- [What the task requires]:
Under this line is some data; print exactly the lines from the one containing "Rhein Beleuchtung Houding" through its last line, without pictures.

- [Dataset extract]:
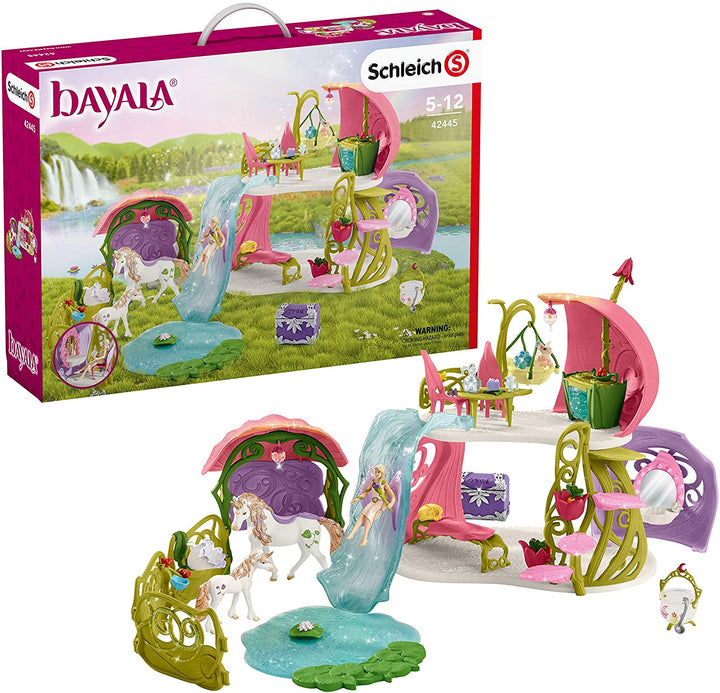 Schleich Bayala 42445 Glinsterend bloemenhuis met eenhoorns, meer en stal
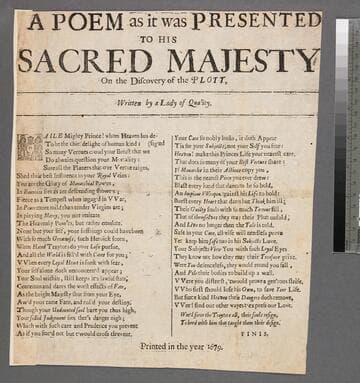 A poem as it was presented to His Sacred Majesty on the discovery of the plott, / written by a lady of quality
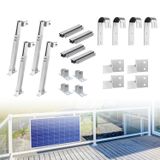 Rhein Beleuchtung Houding voor balkoninstallatie met 2 zonnepanelen, balkonbeugel met ronde haak, zonne-balkonbeugel voor ronde balkonhekken, stabiele bevestiging voor zonnepanelen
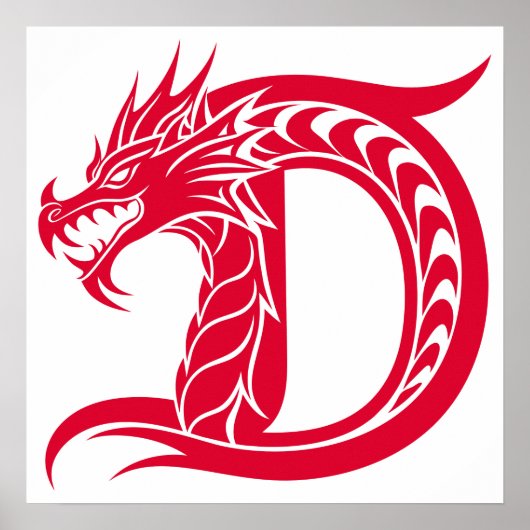 Dragon Styled Letter D, Dragon Alphabet, Monogram ポスター (正面)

- [Response for this exercise]:
 Rhein Beleuchtung Houding voor balkoninstallatie met 2 zonnepanelen, balkonbeugel met ronde haak, zonne-balkonbeugel voor ronde balkonhekken, stabiele bevestiging voor zonnepanelen
 Dragon Styled Letter D, Dragon Alphabet, Monogram ポスター (正面)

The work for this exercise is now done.